In this scenario, you are an executive of a financial entity that manages cash-flows. Your role is to make sure that credits are available with the correct amount at the correct date to provide the best management possible of your financial flows.

Los Angeles Ozone

The Los Angeles Ozone file (R_ozone-la.txt) presents monthly averages of hourly ozone (O3) readings in downtown Los Angeles from 1955 to 1972.

Each observation is characterized by 2 variables, a time and an average of the hourly ozone readings for the month.

The purpose of this scenario is to confirm the decreasing trend of the ozone rate by predicting the next 18 months and describing the different signal elements based on the ozone rate.

Lag 1 And Cycles & Trend And Cyclic with and without White Noise (Wn)

These files can be used to observe and analyze the impact of a specific signal phenomenon like:

  • Lag 1
  • Cycles
  • Trends
  • White Noise

Each observation is characterized by 2 variables, a time and a signal value.

Log on to answer question
Step 2: SAP HANA data import options

There are multiple ways to import data set files inside of your SAP HANA, express edition instance.

  • Eclipse IDE

The SAP HANA Tools plugin for Eclipse provides an Import/Export feature which would allow you to create the appropriate physical tables first and then import the data.

However, this would require the Eclipse IDE to be locally installed and properly configured with the SAP HANA Tools plugin.

Then, you would need to know the complete data file format description in order to create the tables with the proper columns structure.

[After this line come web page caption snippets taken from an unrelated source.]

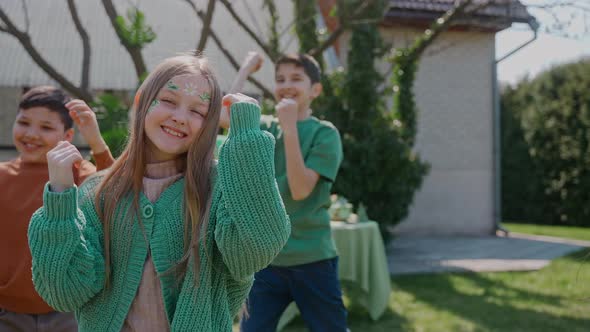 Children Having Fun Dancing at a Backyard Birthday Party on a Sunny Day alt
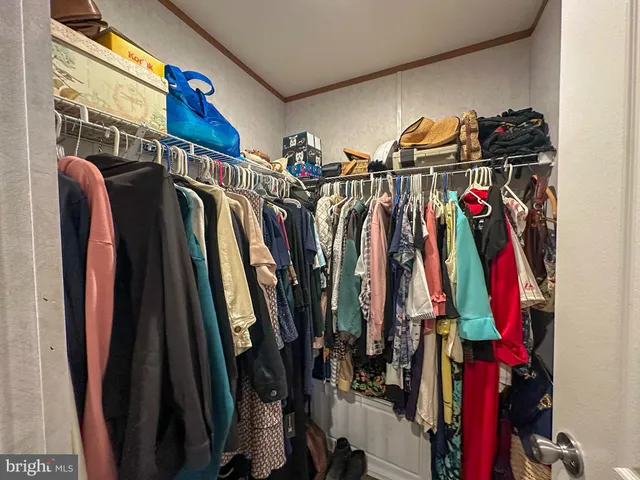 a view of walk in closet with clothes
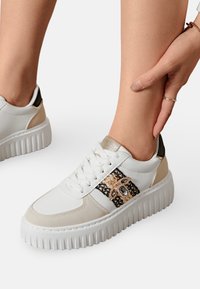 Sneaker blanc avec des accents beiges et une bande texturée noire et dorée. Présente une semelle épaisse et crantée ainsi qu'un matériel décoratif sur le côté.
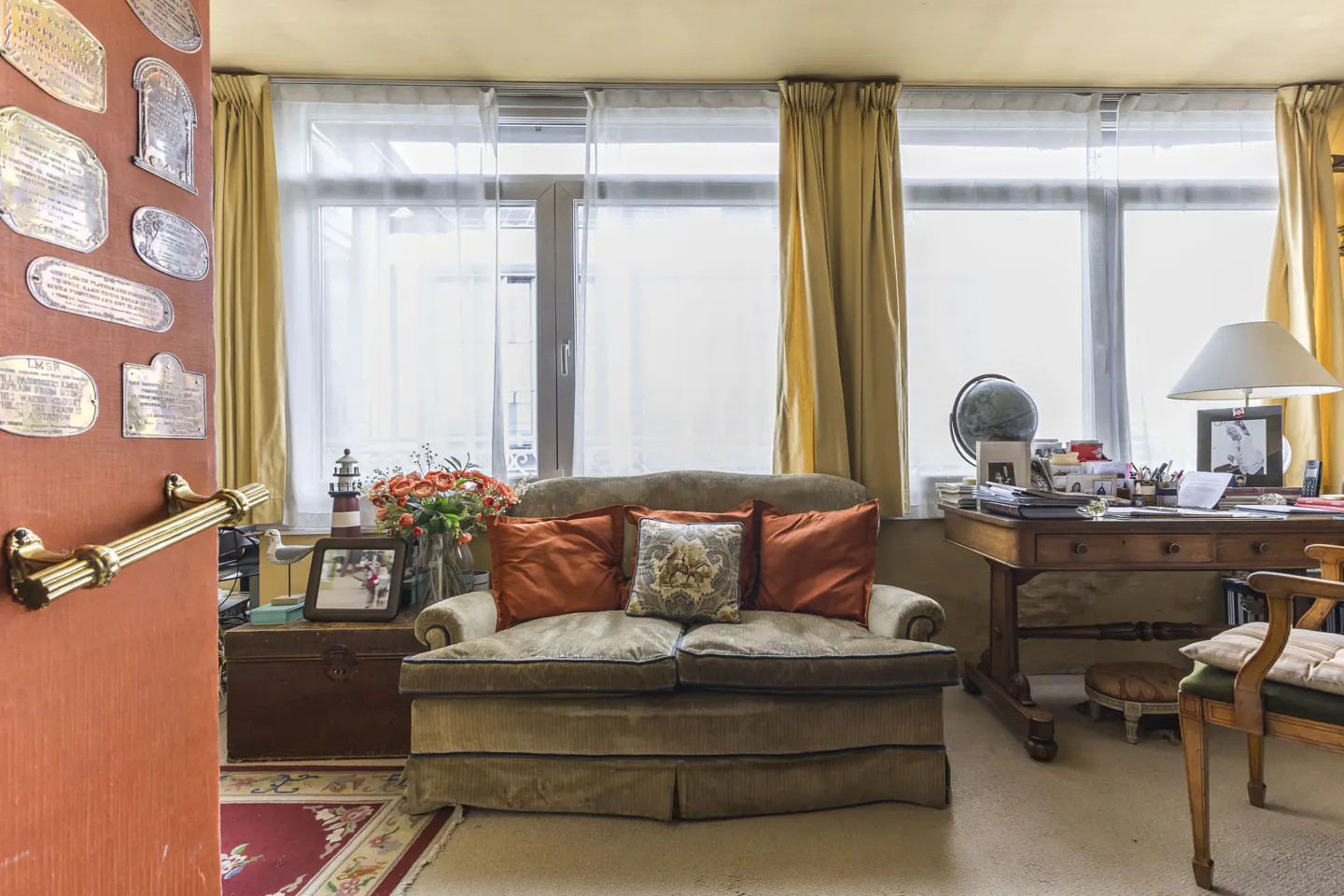 Cozy living room with a tan sofa, orange pillows, and a wooden desk by the window with yellow curtains. A red door is on the left.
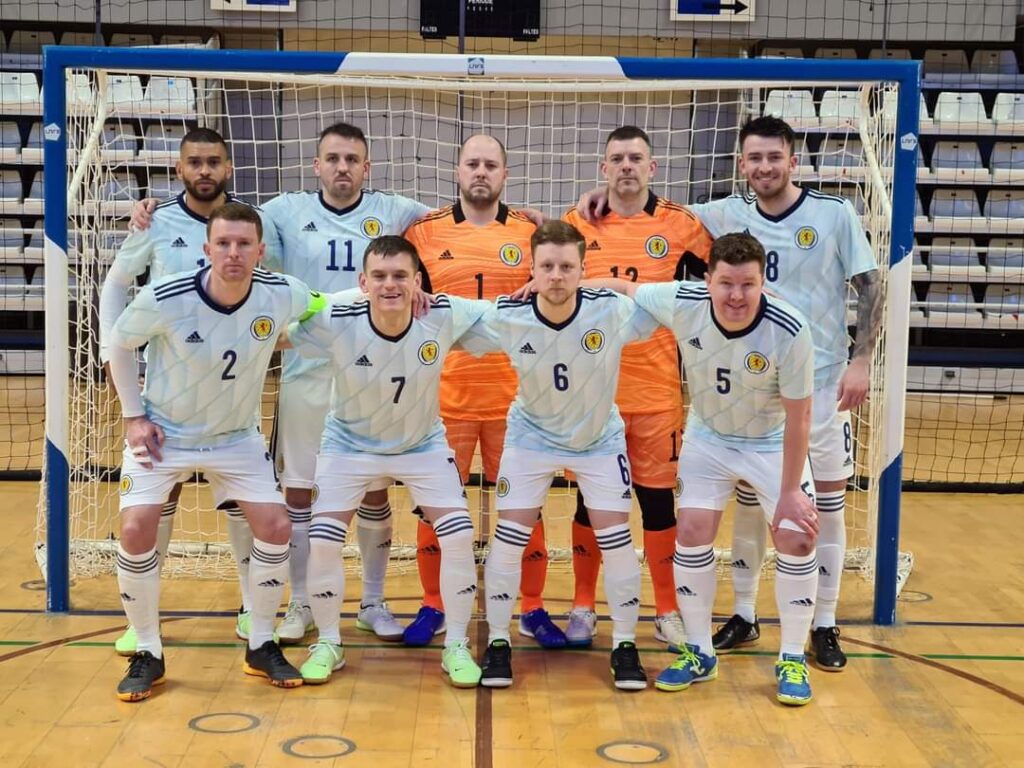 The Scottish National Deaf Futsal Team lineup posing in front of goal.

And, last but not least, any changes would require to recreate the all structure and reload the data.

If you want to learn more about this import method, you can check the following tutorial: Import CSV into SAP HANA, express edition using the SAP HANA Tools for Eclipse

  • SAP HANA HDB Client

The SAP HANA HDB Client provides an IMPORT FROM statement allowing you to import CSV files physically located on your SAP HANA, express edition host using a SQL command.

However, this method requires that the table are created before the execution of the command.

If you want to learn more about this import method, you can check the following tutorial: Import CSV into SAP HANA, express edition using IMPORT FROM SQL command

  • SAP HANA Persistence Model

The SAP HANA extended application services, advanced model, (XS advanced) provide a comprehensive platform for the development and execution of native data-intensive applications.

The application data model comprises all the database artifacts used to store and provision data for your application’s back end and user interface.

As part of the process of defining the database persistence model for your application, you can create database design-time artifacts such as tables and views, for example using Core Data Services (CDS).

At the same time, you can also create procedures and functions using SQLScript, which can be used to insert data into (and remove data from) tables or views.

Solution

As the purpose of this tutorial series is to discover how to use Machine Learning algorithms to build an end to end solution including a native SAP HANA application, you will be using the SAP HANA Persistence Model with the Core Data Service (CDS) artifacts in a SAP HANA Database Module.

Log on to answer question
Step 3: Create a SAP HANA Database Module

Open the Web IDE, and login using the XSA_DEV credentials.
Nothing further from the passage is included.